Stanislav Petrov was a lieutenant colonel of the Soviet Air Defence Forces who became known as "the man who single-handedly saved the world from nuclear war" for his role in the 1983 Soviet nuclear false alarm incident.

He was on duty at a Soviet nuclear early warning centre on September 26, 1983, when the system detected an incoming missile strike from the United States. According to the computer readouts, several missiles were launched. The protocol for the Soviet military would have been to retaliate with a nuclear attack of its own while the US missiles were still in the air. It was up to Petrov to confirm the incoming attack to the Soviet leaders. He took the decision that it was a false alarm. He reported a system malfunction. “I thought that the chances were 50-50 that the warning was real. Twenty-three minutes later I realised that nothing had happened. It was such a relief”, he recalled.

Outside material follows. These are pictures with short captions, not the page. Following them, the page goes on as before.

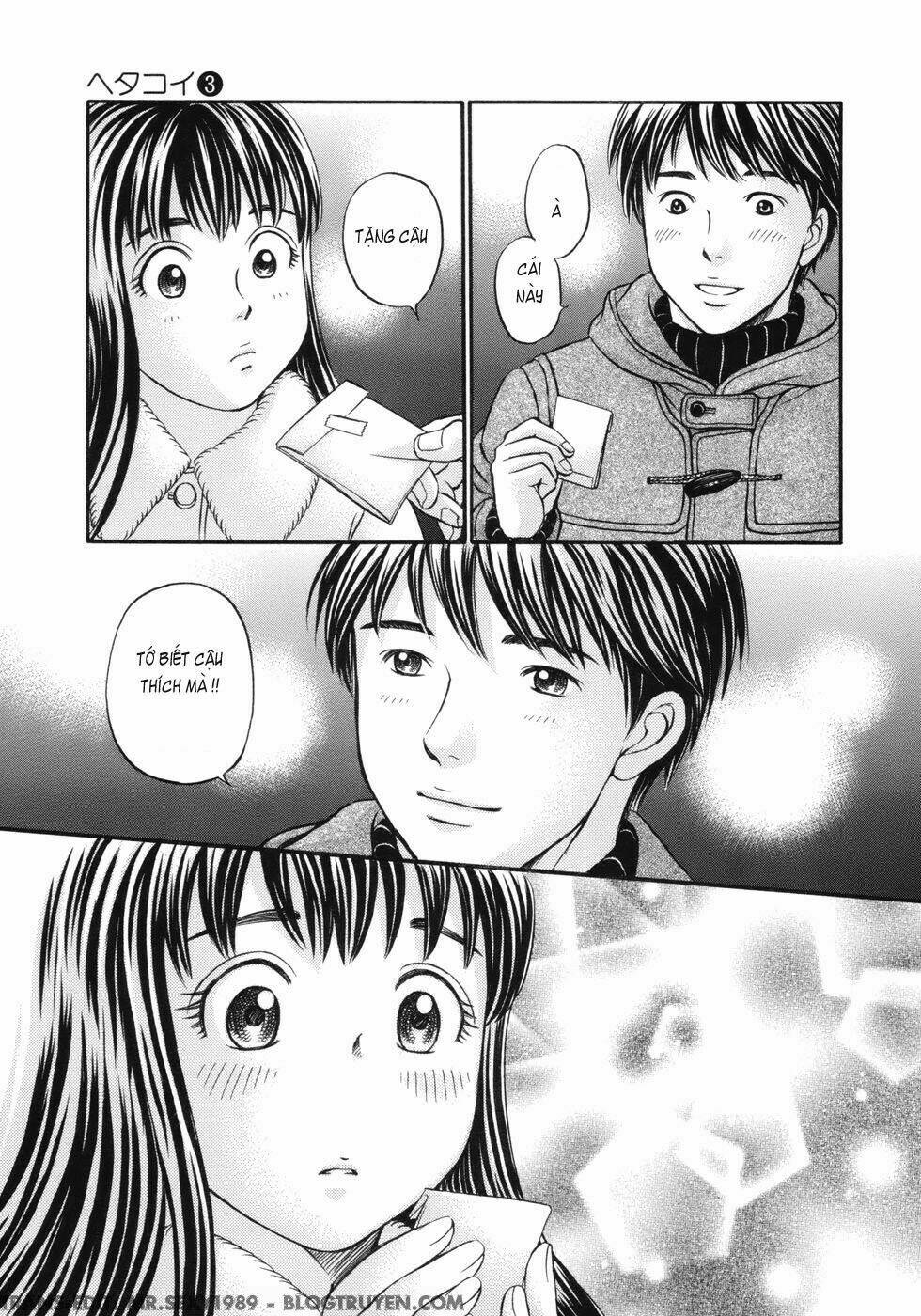 hetakoi chapter 16 19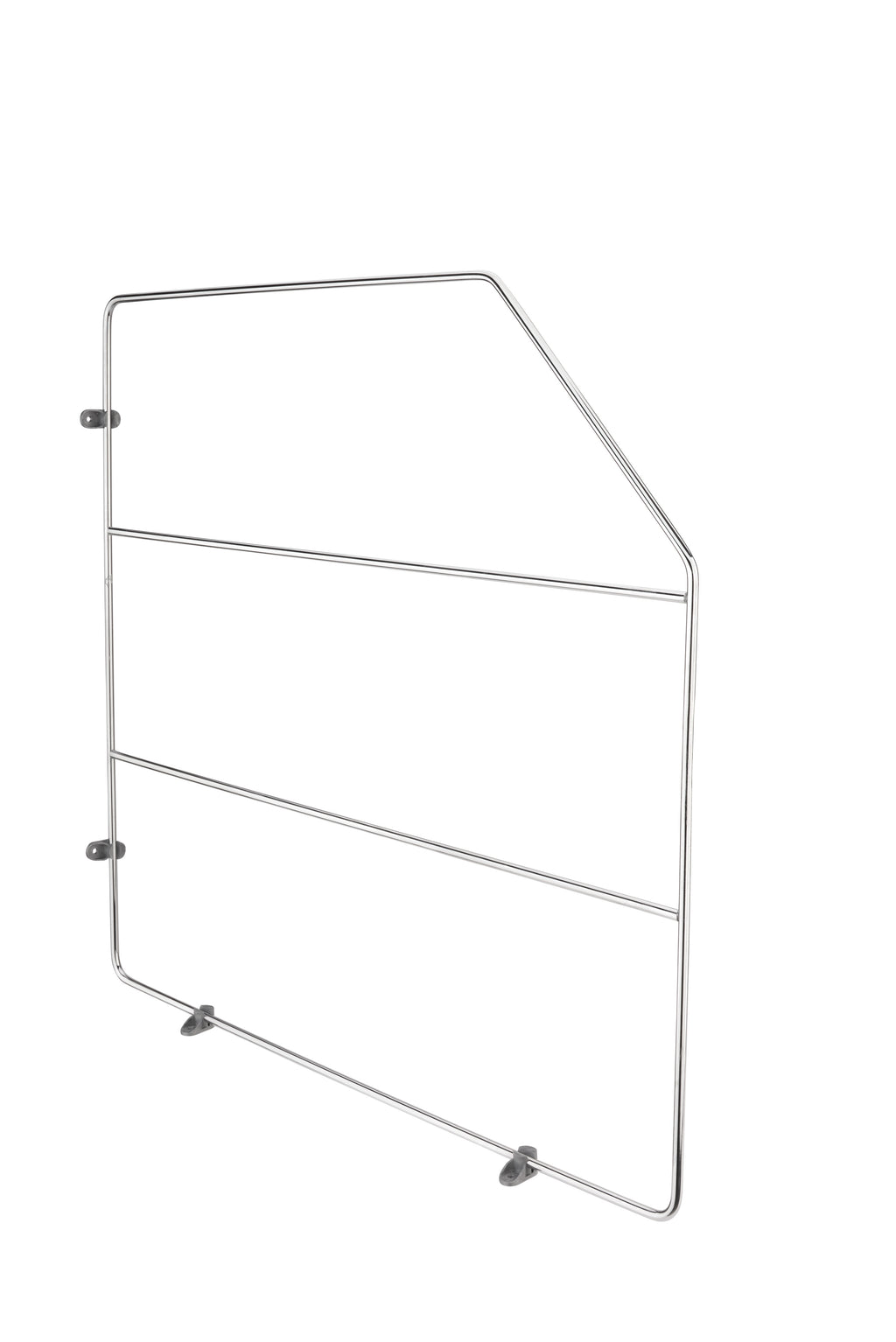 Single 18 in. Chrome Bakeware and Tray Divider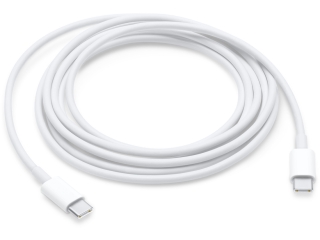 USB-C Charge Cable for Apple MacBook Ladekabel 2m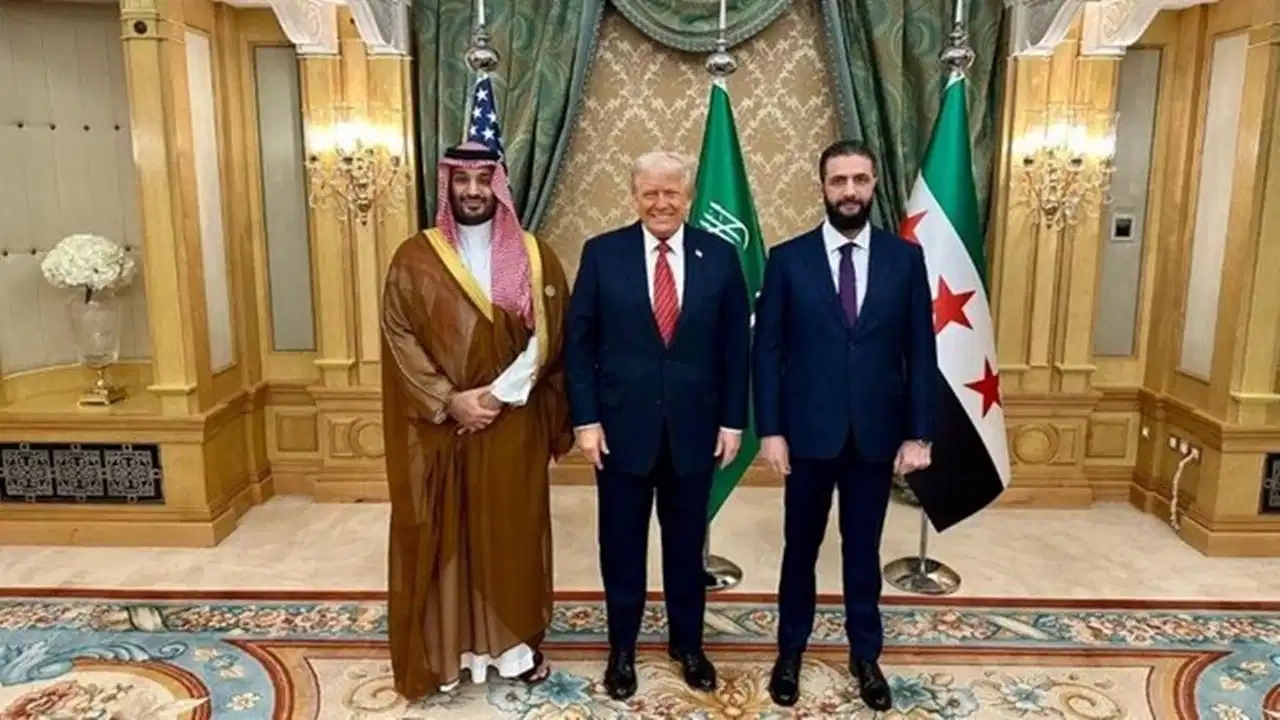 ABD Suriye'ye yaptırımları hafifletti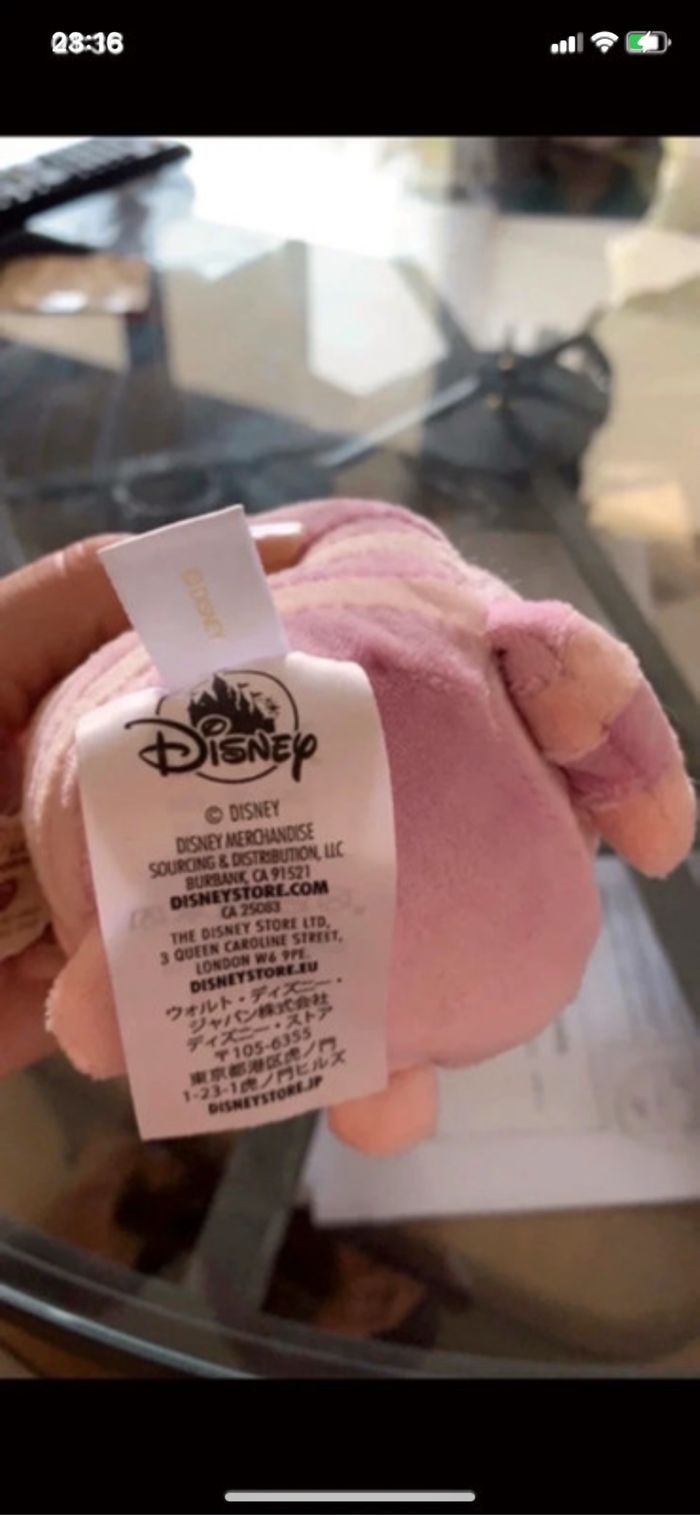 Peluche - photo numéro 4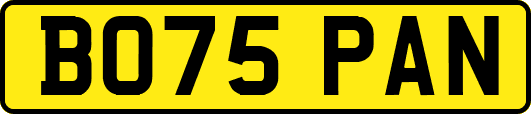 BO75PAN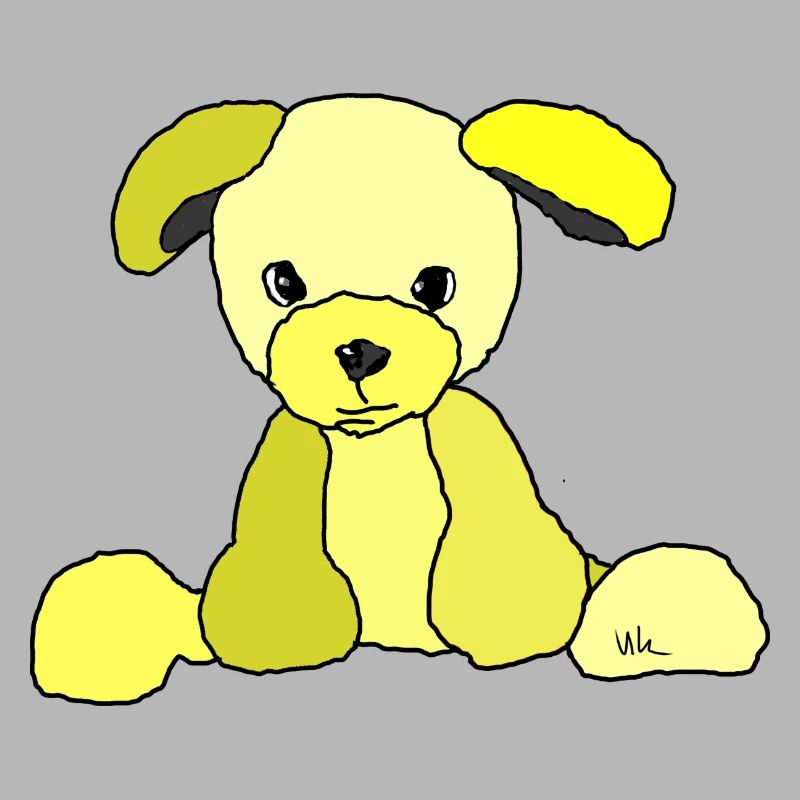 Hund Comic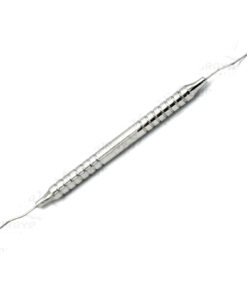 DENTAL Double End Explorer Diagnostic Instrument Hollow Handle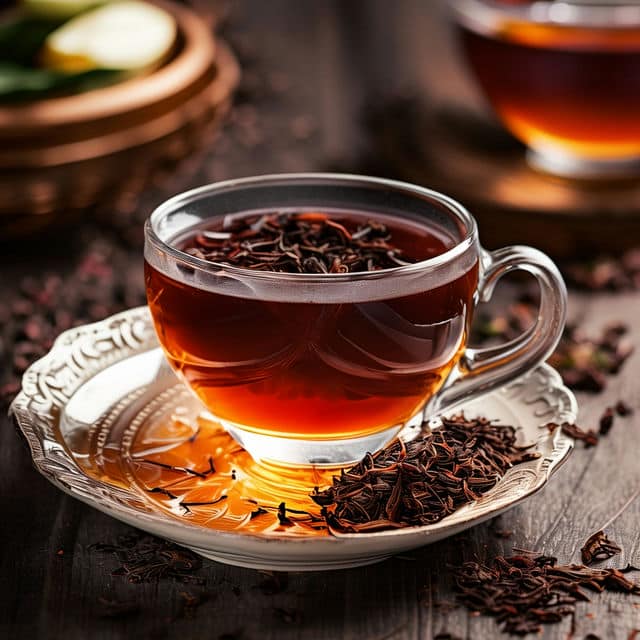红茶是否可以用100度的开水泡？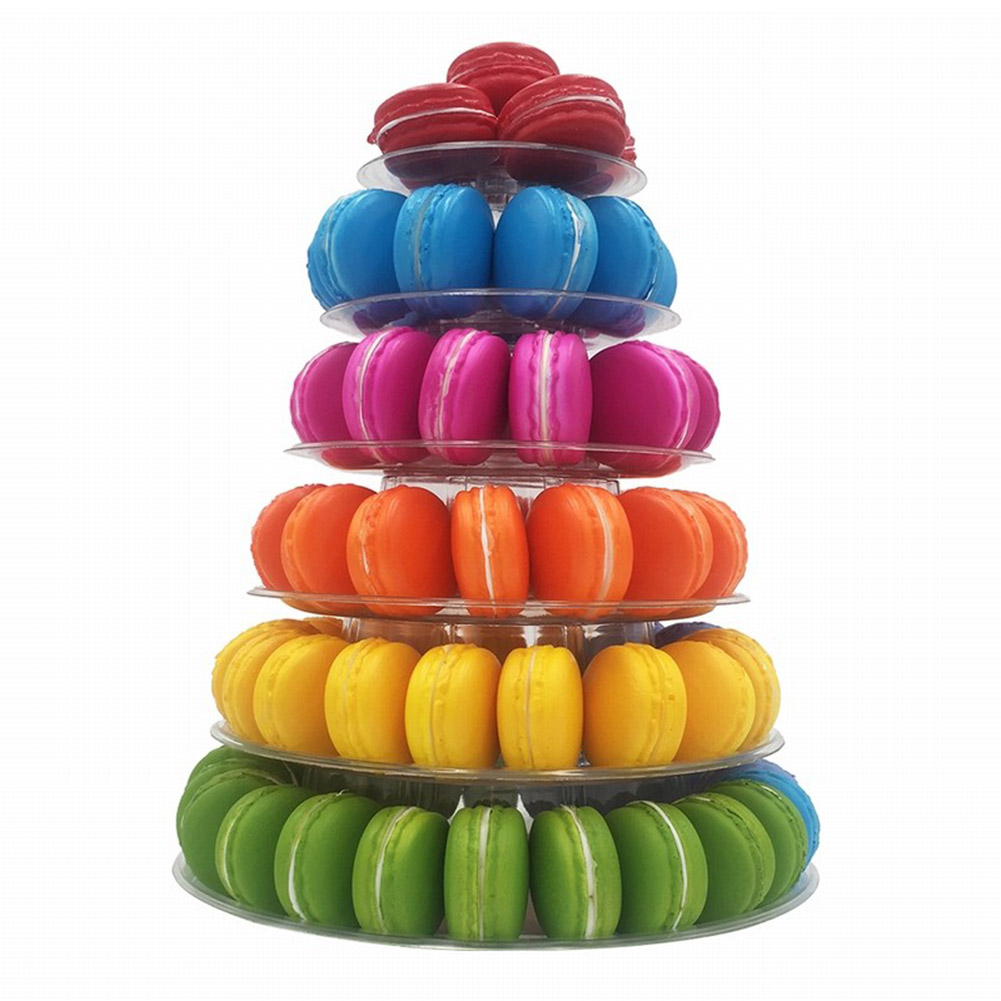 4/6 Tiers Macarons Display Sta - Cupcake Stand Tier review and price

A later investigation concluded that the Soviet satellites had mistakenly identified sunlight reflecting on clouds as the engines of intercontinental ballistic missiles.

He was honoured by the Association of World Citizens at the UN headquarters in 2006 as “the man who averted a nuclear war”. In 2013, he was awarded the prestigious Dresden peace prize.

Stanislav Petrov died at 77 on May 19, 2017, in Fryazino, a Moscow suburb, where he lived alone on his pension.